[What is needed] For this exercise, report every line of the material that includes "Street".

╔══

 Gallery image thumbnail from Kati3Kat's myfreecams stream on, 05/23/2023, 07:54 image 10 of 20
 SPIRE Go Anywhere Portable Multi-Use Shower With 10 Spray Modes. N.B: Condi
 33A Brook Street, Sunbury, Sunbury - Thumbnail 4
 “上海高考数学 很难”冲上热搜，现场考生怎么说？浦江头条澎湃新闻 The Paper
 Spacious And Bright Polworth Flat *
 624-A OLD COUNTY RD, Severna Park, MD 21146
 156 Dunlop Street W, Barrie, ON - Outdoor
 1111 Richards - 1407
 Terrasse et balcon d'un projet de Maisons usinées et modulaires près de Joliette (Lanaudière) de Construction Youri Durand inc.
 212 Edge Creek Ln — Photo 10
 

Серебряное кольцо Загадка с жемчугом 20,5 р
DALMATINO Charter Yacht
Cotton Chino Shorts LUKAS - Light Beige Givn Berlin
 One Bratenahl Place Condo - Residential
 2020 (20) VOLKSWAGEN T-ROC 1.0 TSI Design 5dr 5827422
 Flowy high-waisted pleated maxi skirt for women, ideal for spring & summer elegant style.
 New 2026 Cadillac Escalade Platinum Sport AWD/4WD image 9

╚══

[Answer for this exercise]
 33A Brook Street, Sunbury, Sunbury - Thumbnail 4
 156 Dunlop Street W, Barrie, ON - Outdoor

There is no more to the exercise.